I am subjected to Boston's stupid residency rule and it sucks. :BM: 
I have been searching for and affordable apt. for so long. (just found one)
But I could'nt afford it on my own, not on my crappy pay. All the unions have been fighting to get rid of it but Menino won't budge. 
I don't have kids yet but they will not attend Boston public schools, [-( I don't care if I have to collect cans in my spare time to send them to private school.
I would have no problem with say a 15 mile rule I think it is fair.
This is just my personal experiance with residency crap. 
If the residency rule must be in place then the employees pay should be enough to live there.
No spell ck. so excuse my errors. thanks


----------



## Sgt Jack (Aug 17, 2003)

In agreement here too...You should be able to live where you want...besides people that work in the private sector commute to jobs from all over..I'm sure that they are just as dedicated to their work...furthermore the housing and rent costs are outrageous...other parts of the country are looking better and better..


----------



## BufordTJustice (Dec 13, 2005)

CampusOfficer said:


> I know Nahant just had a test about a year or so ago. I don't know if they hired off it at all though.
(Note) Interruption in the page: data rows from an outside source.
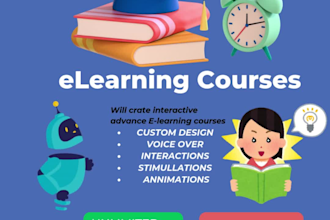 create interactive e learning courses with ispring storyline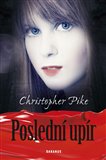 Poslední upír - obálka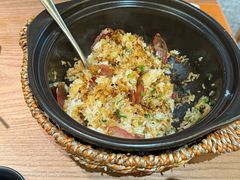 腊肠煲仔饭-啫火啫啫煲·顺德干蒸(西乡天虹店)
Go to Nahantpolice.org. Gives info. on next test date.


----------



## Se7en (Nov 29, 2004)

If the "Residency Rule" was a good thing, then why don't more cities or towns require it? :roll:


----------



## s1w (Sep 12, 2005)

Residency issues abound all across the U.S. in cities such as Pittsburgh, Chicago, Milwaukee, St. Louis, just to name a few. Unfortunately, residency requirements have been upheld in the courts when challenged. Bargaining and promoting bills to state legislatures to remove or rescind laws requiring residency requirements seems the only way to overturn them. I think about 15-20 percent of the 50 biggest U.S. cities have "city" residency requirements. Most big departments have distance restrictions or no residency requirement at all.


----------